• **Source data**
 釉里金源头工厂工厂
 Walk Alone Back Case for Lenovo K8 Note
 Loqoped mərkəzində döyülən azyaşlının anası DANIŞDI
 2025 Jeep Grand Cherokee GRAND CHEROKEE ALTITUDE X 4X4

* * *

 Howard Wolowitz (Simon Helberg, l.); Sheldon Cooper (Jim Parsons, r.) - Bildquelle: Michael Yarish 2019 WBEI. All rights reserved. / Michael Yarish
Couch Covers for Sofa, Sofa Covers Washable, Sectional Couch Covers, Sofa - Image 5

• **Task details**
Beginning at the line above with "Walk Alone Back Case for Lenovo K8 Note" and finishing at the line with "2025 Jeep Grand", return each line exactly and return nothing else.

• **Response box**
 Walk Alone Back Case for Lenovo K8 Note
 Loqoped mərkəzində döyülən azyaşlının anası DANIŞDI
 2025 Jeep Grand Cherokee GRAND CHEROKEE ALTITUDE X 4X4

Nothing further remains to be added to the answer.